India’s deep economic linkages with West Asia are beginning to show signs of strain as ongoing geopolitical tensions in the region translate into rising costs, trade imbalances and sector-specific risks. According to a joint report by Rubix Data Sciences and Vayana TradeXchange, the impact is already visible across energy, trade and supply chains, with the potential for wider economic consequences if the situation remains unresolved.

At the heart of the concern is India’s heavy dependence on energy imports. The country imports nearly 88% of its crude oil needs, with close to half sourced from West Asia. This makes India particularly vulnerable to any disruption in supply or spikes in oil prices. The report highlights that even a $10 per barrel increase in crude prices can inflate India’s annual import bill by USD 13–14 billion, putting pressure on inflation and widening the current account deficit.
Trade exposure further amplifies this vulnerability. India’s total merchandise trade with West Asia stood at $ 220 billion in FY2025, with imports significantly outweighing exports. This structural trade deficit, largely driven by energy dependence, is now being compounded by rising logistics costs and uncertainty in shipping routes.
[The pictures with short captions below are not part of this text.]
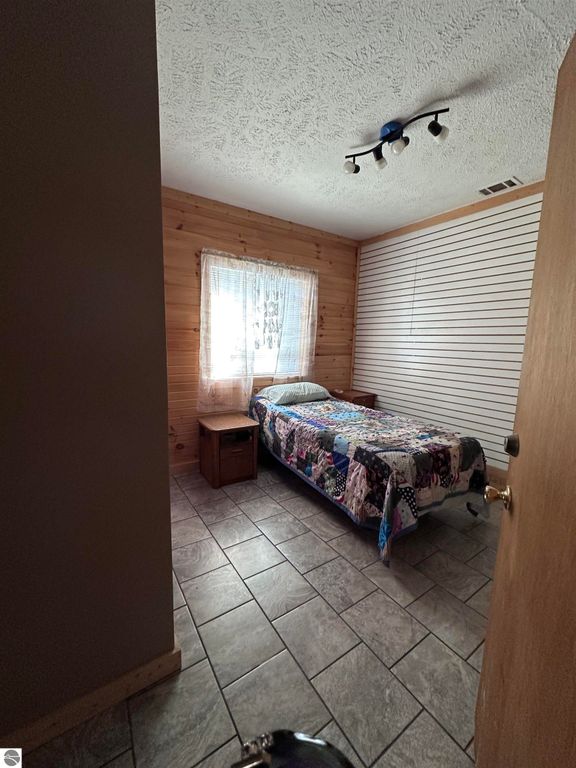 Image 12 of property listing at 5935 Greenleaf Lane, Grawn, MI 49637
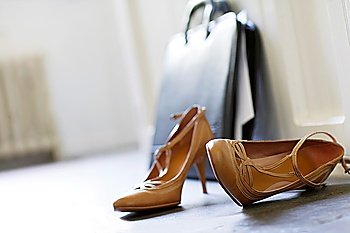 High Heels and Briefcase in Hallway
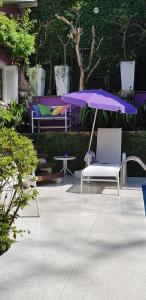 阿雷格里港的住宿－Morada das Flôres，紫色雨伞、椅子和桌子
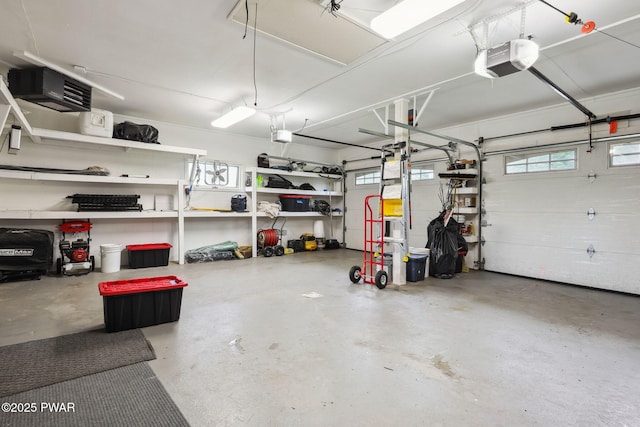 198 State Route 690, Springbrook Township, PA 18444 - garage featuring a garage door opener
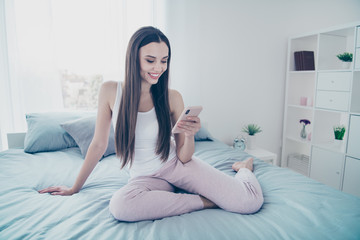 Sticker - Close-up portrait of her she nice beautiful attractive lovely charming cute sweet feminine cheerful cheery girl using 5g app sitting on sheets in white light interior room house indoors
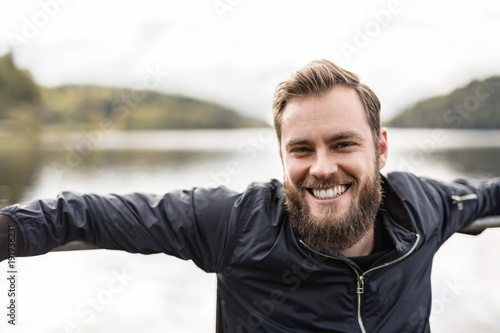 Bearded man sitting down outdoors in front of a lake on a moody day. Wearing a blue jacket looking at camera.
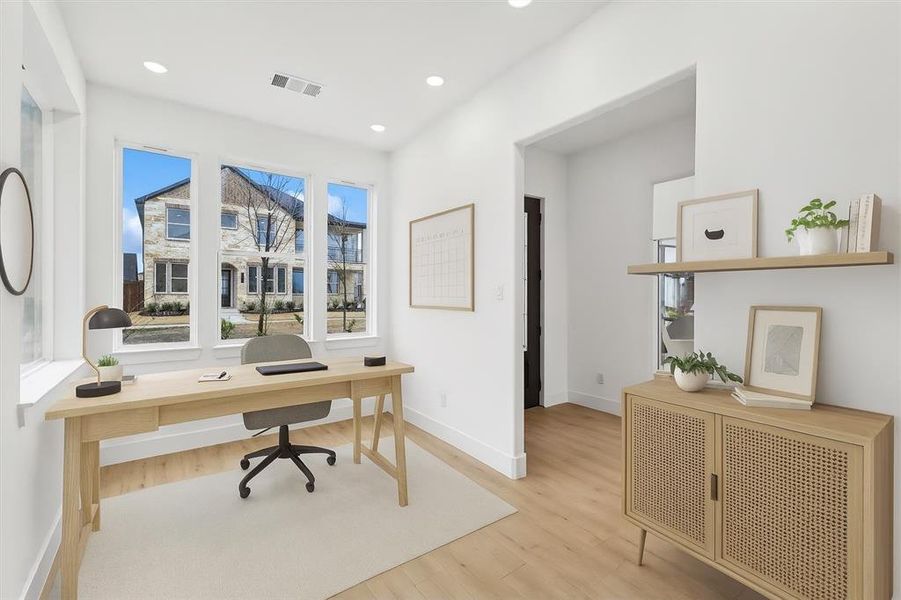 Office featuring light wood-style flooring and recessed lighting virtually staged
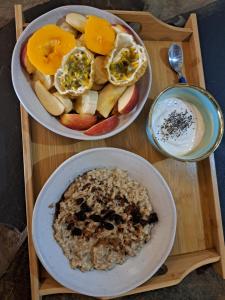 two plates of food with fruit and a bowl of yogurt at Diani Yoga Barn in Ukunda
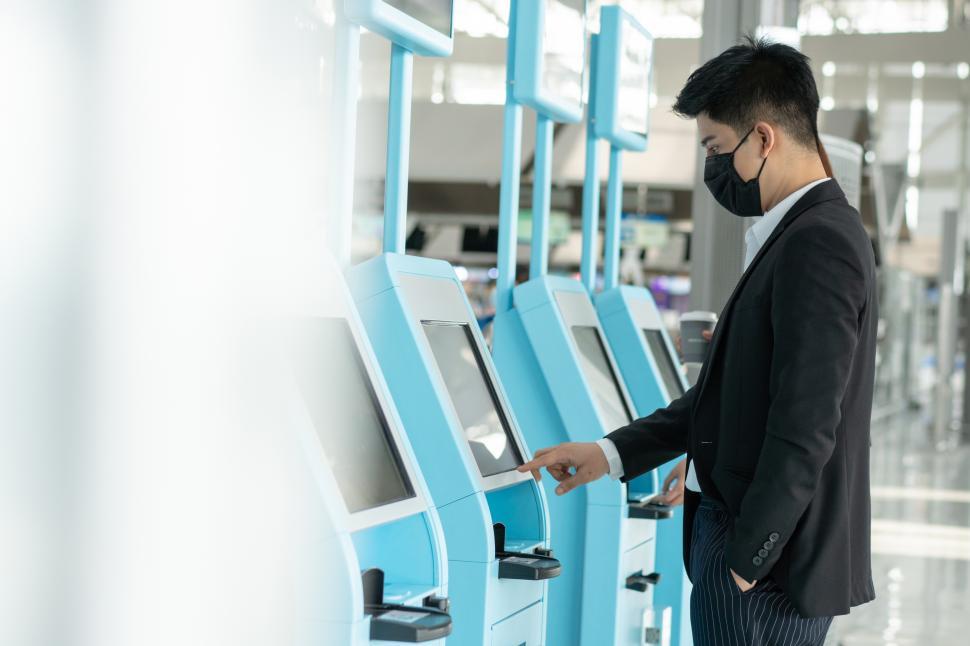 Free Image of Business man use self service check in at airport 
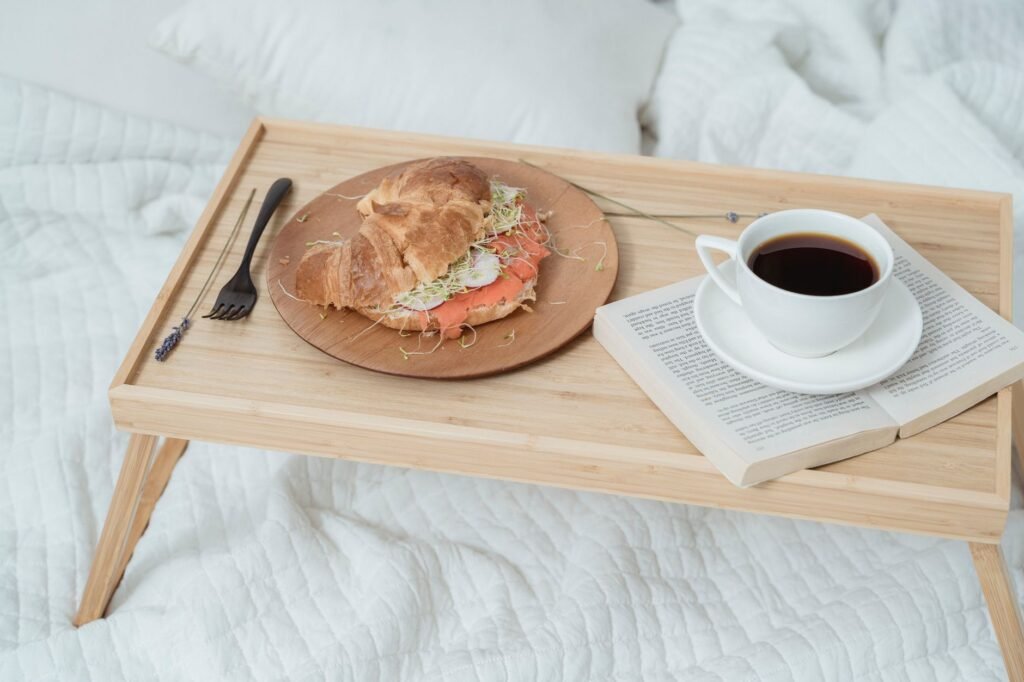A cozy breakfast in bed featuring a croissant sandwich with fresh coffee on a wooden tray.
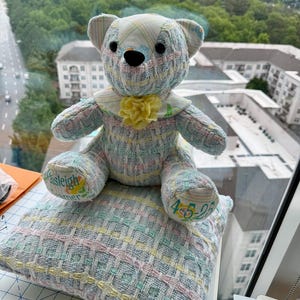K&ouml;nnte beinhalten: Ein handgefertigter Teddyb&auml;r mit Patchwork-Design in Pastellfarben, der auf einem passenden Kissen sitzt. Der B&auml;r hat einen gelben Blumenkragen und der Name "Paisleigh" und das Datum "4-5-25" sind auf dem B&auml;ren und Kissen gestickt.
The impact is not uniform across sectors. The report identifies critical industries such as crude oil, LNG, LPG, fertilisers and petrochemicals as being at high to very high risk, given their reliance on imports and key transit routes like the Strait of Hormuz. Any disruption here can quickly ripple through the broader economy.
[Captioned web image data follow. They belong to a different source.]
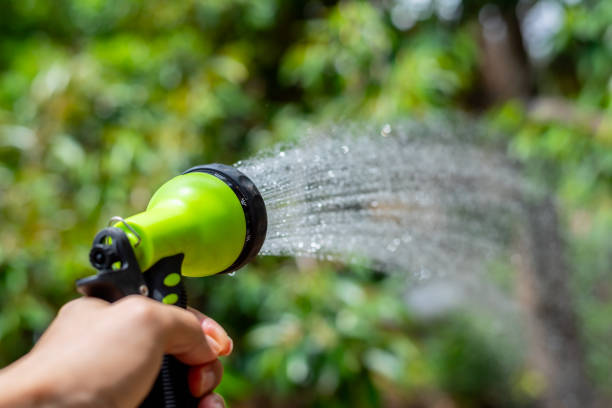 istock Hand holding a watering hose spray in the garden close up image. 2176111749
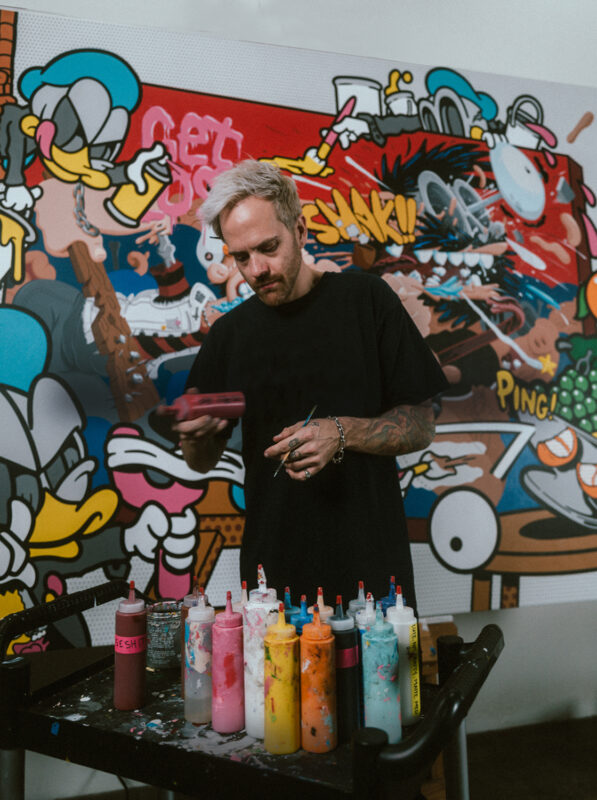 Person standing in front of a colorful graffiti wall, looking downward with a table of paint supplies in the foreground.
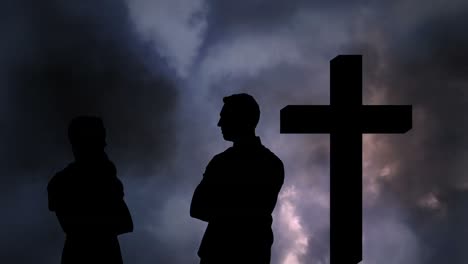 animation of silhouette of couple over clouds and cross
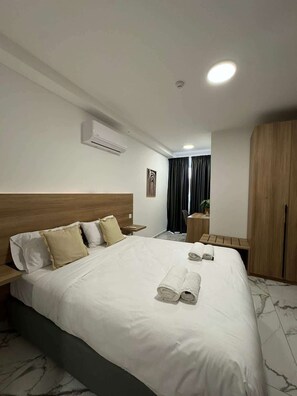 2 chambres, fer et planche à repasser, Wi-Fi, draps fournis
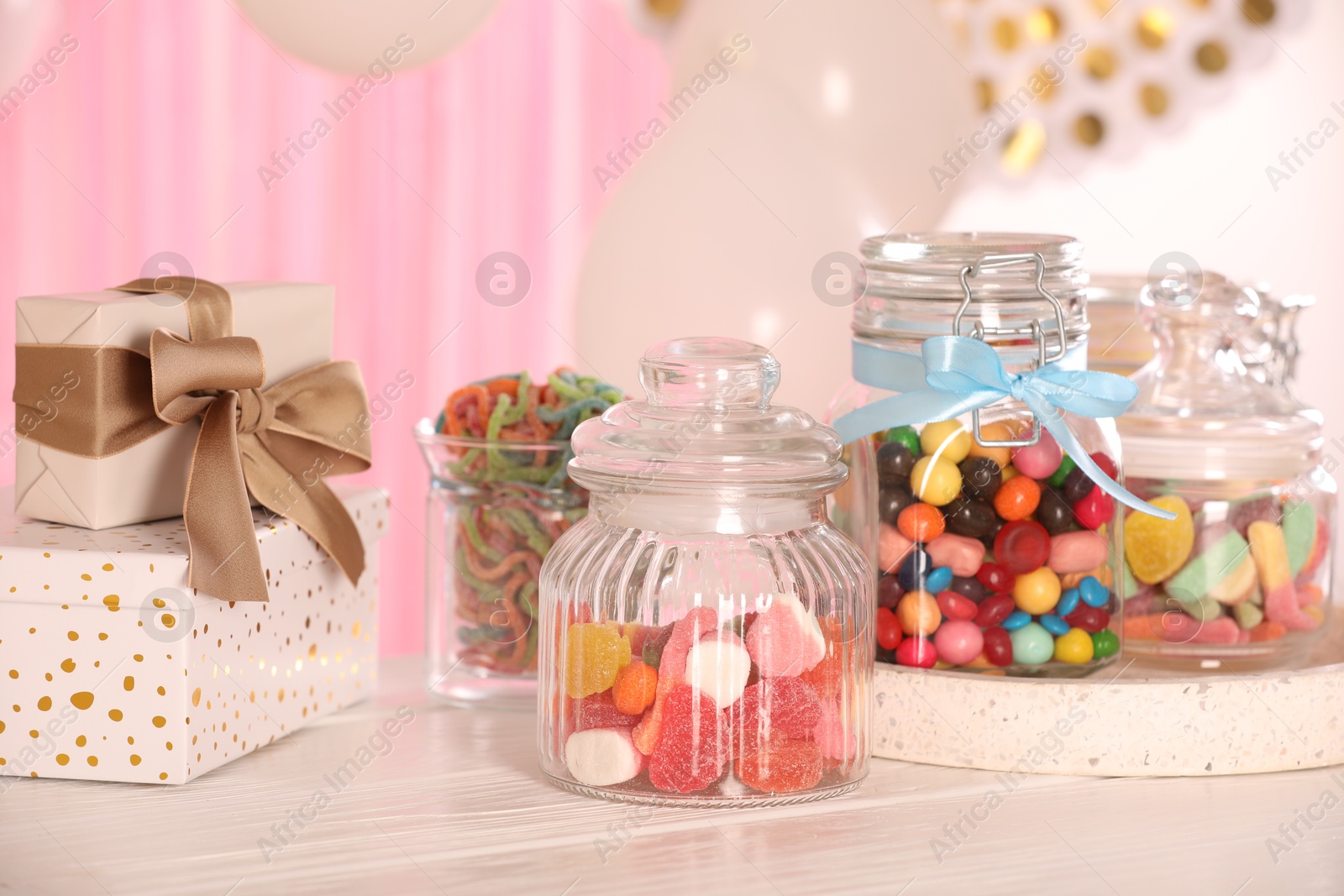 Photo of Candy bar. Many different sweets and gift boxes on white wooden table indoors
On the export side, early signs of stress are emerging in agriculture and food segments. Rice exports, in particular, are flagged as highly sensitive to freight cost fluctuations and demand shifts in Gulf markets. Frozen bovine meat exports face moderate risk, while other export-oriented sectors such as gems and jewellery and engineering goods could see demand soften if regional economic activity slows down.
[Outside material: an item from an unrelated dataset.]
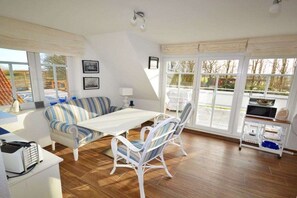 A room with a dining table, striped sofa, and chairs, large windows, and a white ceiling. - Holiday apartment with 2 bedrooms (Norden-Norddeich)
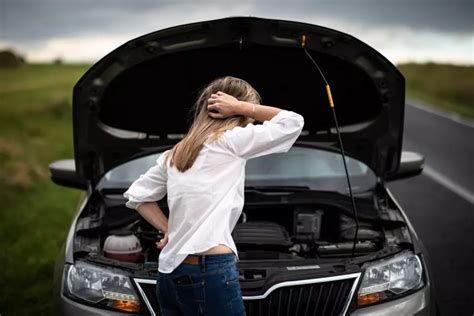 https://www.carparts.com/blog/wp-content/webp-express/webp-images/doc-root/wp-content/uploads/2021/10/woman-checking-car-engine-1024x683.jpg.webp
Beyond direct trade, several industries are feeling indirect pressure. Aviation, chemicals, plastics and logistics are grappling with rising input costs and volatile freight rates, forcing companies to adjust supply chains and manage tighter margins.
Indian companies with operations in West Asia are also navigating a more complex environment. Sectors like infrastructure, energy and logistics are witnessing higher insurance costs, project delays and working capital challenges. While operations remain stable for now, the report points to early signs of stress in execution and payment cycles.

Remittances, a crucial pillar of India’s external inflows, could also face uncertainty. In FY2025, India received a record $135.4 billion in remittances, with nearly 38% coming from Gulf Cooperation Council countries. Any prolonged slowdown in regional economies, particularly in sectors employing large numbers of Indian workers, could impact these inflows.

Investment flows, though steady so far, remain another area to watch. Cumulative foreign direct investment from West Asia into India has reached $ 31.7 billion, led by sovereign funds from the UAE and Saudi Arabia. However, continued uncertainty could delay fresh investments and slow capital deployment.
What stands out in the report is that the risks are not always immediate but tend to build gradually. Rising energy prices, shifting trade patterns and evolving payment cycles are already creating pressure points across the economy. If tensions persist, these effects could become more widespread, affecting both growth and stability.

For now, India’s strong economic ties with West Asia remain intact. But as the situation unfolds, the ability to manage volatility in energy, trade and capital flows will be critical in determining how well the economy navigates this phase of uncertainty.